京都の治安を守るのみならず、長州征討を成功させることが幕府のためと考え、近藤は力を尽くす。
それでも、新選組局長という立場には、おのずから限界があった。
また、盟友の山南敬助が世を去り、愛弟子でもある沖田総司が病に伏し、論客と見込んで迎え入れた伊東甲子太郎とは意見の相違が露呈するなど、隊の運営にも次第に困難が増していく。
やがて、幕権の凋落は覆うべくもなく、土方歳三の助力によって組織を保ってきた新選組からも分離脱退者を出すことになる。
宮部の遺した言葉が甦り、現実化するのを感じながらも、近藤は君恩に報いることこそ武士の道と信じ、己の本分をまっとうせんと奮闘するのだった。


秋山香乃の作品では『新選組藤堂平助』をすでに当ブログで紹介したが、別の作品も読んでみたいと思い、本作を手に取った。

全体として、近藤勇という人物とその生涯を至極真っ当に描いた作品、という印象。
史実を踏まえた上でストーリーを展開しており、作者なりの個性を強烈に打ち出したり、奇をてらったりしたようなところは窺えない。そのため、平凡で面白味がない、と感じる向きもあるかもしれない。
しかし、彼をこのように描いた小説は、他にもあるようでいて、実際はあまりなかったようにも思える。
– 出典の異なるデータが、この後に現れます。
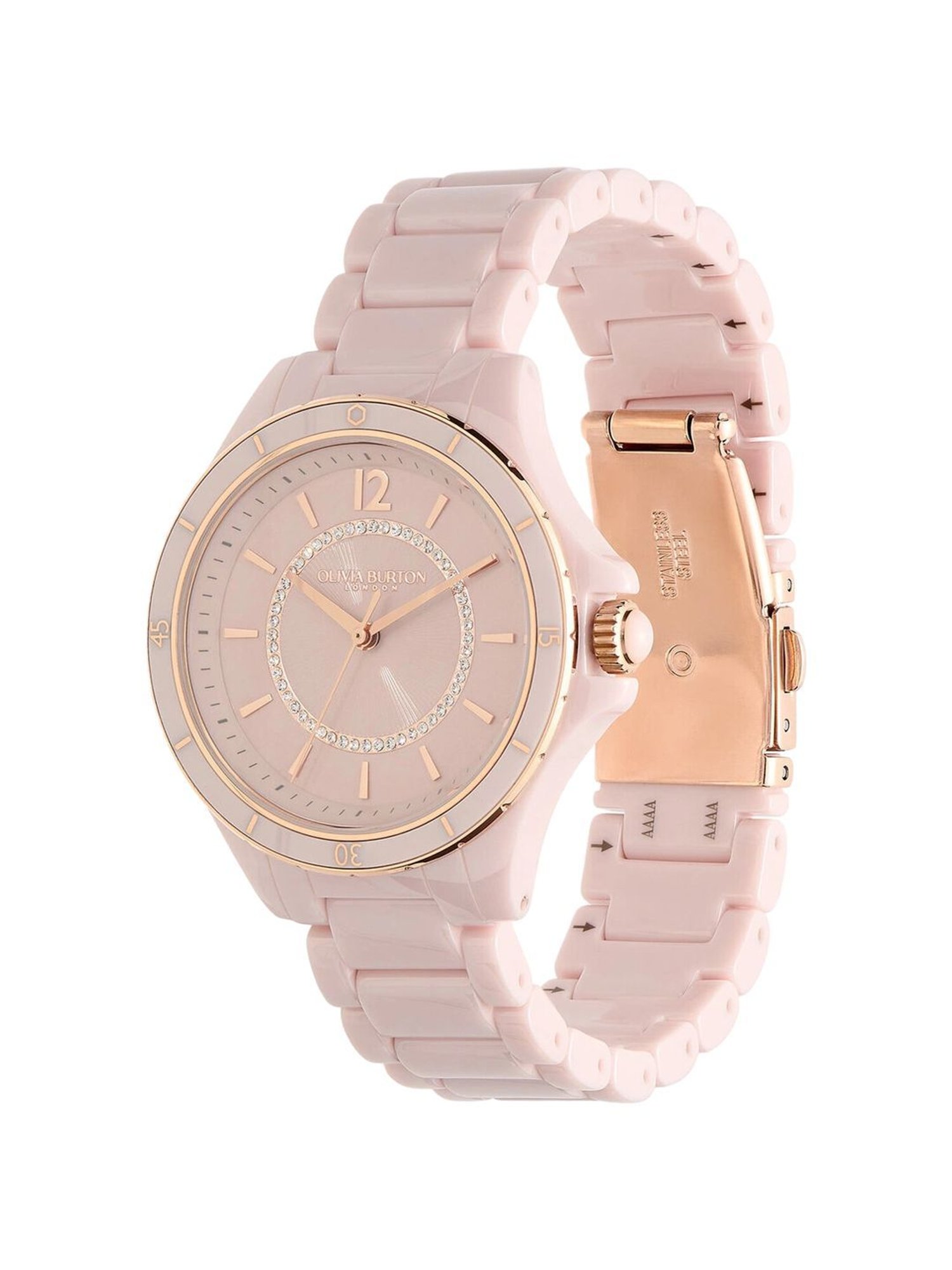 Women's Disney Minnie Mouse Nylon Strap Watch - Red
本作の近藤勇は、栄達欲の強い俗物ではないし、時勢の変化を理解できない石頭でもない。
いったん忠誠を尽くすと誓った以上、たとえ自分の身が滅びてもそれを貫くべき、と考えているのだ。
それは、「愚直」などという言葉で表すべきではない、賢愚を超越した境地である。
また、周囲におだてられて得意になっている天狗でもない。
任せられるところは任せながらも隊内運営に目を配り、隊士らを思いやっている。
司馬遼太郎の人物造形に慣れてしまっている向きなどには、この近藤像を知ってもらいたいと感じた。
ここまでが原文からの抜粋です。